What's your thoughts.


----------



## h1udd (Sep 1, 2015)

Spend £1420 on a machine and grinder for yourself and £80 on another nespresso machine that wives and guests can use if they need to when you are not about to be their barista


----------



## hotmetal (Oct 31, 2013)

H1udd's suggestion, while probably tongue in cheek, actually makes sense! Although it may fail at the 'too much counter top space' hurdle.

There's really no point buying any kind of decent kit and putting pre-ground in it. At best it's a waste of money, and may not even work. Good coffee, recently roasted and ground immediately prior to use is the only way to make drinkable espresso (I assume you are mainly interested in espresso based drinks). The grinder and beans are far more important than the machine. Choosing a machine and grinder to your budget will not be hard, but you need to know whether you are intending to make milky drinks or just black (straight espresso and Americano or long blacks). If using milk it's worth going for a heat exchanger or dual boiler machine.


----------



## sambas (Jan 20, 2016)

ha yes, now thats a perfect solution...... Space is my concern. I will keep that in mind. thanks


----------



## h1udd (Sep 1, 2015)

space ?? .... the pixie fits in any cupboard, under the bed, ontop of the cupboards it only needs to come out when you leave the house and are expecting guests ... its what I do, my wife has zero interest in making coffee, so just uses that, pod in, touch button, count to 27 and serve drink .. its quicker than instant


----------



## Blackstone (Aug 5, 2012)

i do the same thing with some tassimo machine. wife uses it for chocolate and serving guest coffee.


----------



## Blackstone (Aug 5, 2012)

personally i would advise against pre-ground coffee. the biggest difference in taste has come from better grinders and learning which beans i like. going machine to machine has yielding little improvement to my mind


----------



## PeteHr (Nov 18, 2015)

I fully endorse what others have said about not using pre-ground...
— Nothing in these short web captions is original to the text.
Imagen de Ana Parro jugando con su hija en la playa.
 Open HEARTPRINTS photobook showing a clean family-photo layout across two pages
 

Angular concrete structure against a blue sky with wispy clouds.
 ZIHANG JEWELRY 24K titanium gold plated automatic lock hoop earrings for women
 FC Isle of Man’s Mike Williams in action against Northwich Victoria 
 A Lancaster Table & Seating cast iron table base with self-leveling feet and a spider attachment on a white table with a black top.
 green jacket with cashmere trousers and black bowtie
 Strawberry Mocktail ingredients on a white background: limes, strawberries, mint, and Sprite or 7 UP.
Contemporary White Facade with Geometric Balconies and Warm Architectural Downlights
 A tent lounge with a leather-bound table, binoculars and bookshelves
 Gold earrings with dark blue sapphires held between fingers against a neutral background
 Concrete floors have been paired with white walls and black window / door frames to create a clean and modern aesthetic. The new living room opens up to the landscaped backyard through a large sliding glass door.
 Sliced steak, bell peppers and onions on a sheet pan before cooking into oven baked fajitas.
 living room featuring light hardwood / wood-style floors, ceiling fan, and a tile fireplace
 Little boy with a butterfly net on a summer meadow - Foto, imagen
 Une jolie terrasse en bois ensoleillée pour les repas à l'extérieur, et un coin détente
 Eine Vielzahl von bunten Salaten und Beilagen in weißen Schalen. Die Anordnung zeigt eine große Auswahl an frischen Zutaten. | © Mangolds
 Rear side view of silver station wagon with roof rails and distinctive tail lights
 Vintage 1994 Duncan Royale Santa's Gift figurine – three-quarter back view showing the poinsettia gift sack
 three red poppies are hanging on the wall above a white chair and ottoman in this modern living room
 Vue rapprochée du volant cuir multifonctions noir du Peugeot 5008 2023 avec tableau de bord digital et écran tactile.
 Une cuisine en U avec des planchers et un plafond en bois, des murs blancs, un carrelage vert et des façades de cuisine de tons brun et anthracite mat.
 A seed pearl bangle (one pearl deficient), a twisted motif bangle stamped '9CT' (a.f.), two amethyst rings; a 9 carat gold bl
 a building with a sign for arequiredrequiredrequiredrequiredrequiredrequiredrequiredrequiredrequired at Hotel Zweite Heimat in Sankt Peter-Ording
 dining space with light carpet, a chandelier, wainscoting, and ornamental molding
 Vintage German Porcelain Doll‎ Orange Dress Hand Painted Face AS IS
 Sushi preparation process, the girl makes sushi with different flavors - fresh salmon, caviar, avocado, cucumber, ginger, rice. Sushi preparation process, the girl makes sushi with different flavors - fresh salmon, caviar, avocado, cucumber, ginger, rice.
Not sure where you are located but if you are anywhere near Wellingborough it would be worth a visit to Bella Barista who have a great range of machines and grinders, and will offer impartial advice (as well as lots of coffee !!!) On your budget you can get a nice HX machine and grinder with a bit to spare for other necessities.

I went there with the intention of getting a single boiler with PID but after spending the morning there came away with an HX - and I'm so glad I did....

And of course there are people on this forum who own just about every machine so you can always ask for opinions before getting the credit card out !


----------



## sambas (Jan 20, 2016)

Thats great information guys. Thank you, I have work that will be taking me out of the country over the next few months so I'm not going to be in a position any time soon.


----------



## MChild (Feb 13, 2016)

Hi Sambas,

How does your journey to get a new machine went? I hope you found something nice. I just heard that the nespresso capsules are not recyclable and the earth is stuck with tons of it... I hope you go green this time!


----------



## AMCD300 (Feb 11, 2016)

Blackstone said:


> i do the same thing with some tassimo machine. wife uses it for chocolate and serving guest coffee.


Absolutely - my wife and children love the hot chocolate from our Nescafe Dolce Gusto and as I am not going to match this on a Sage DB I resigned myself to make a place for it in my coffee corner. Happy wife, happy life after all!


----------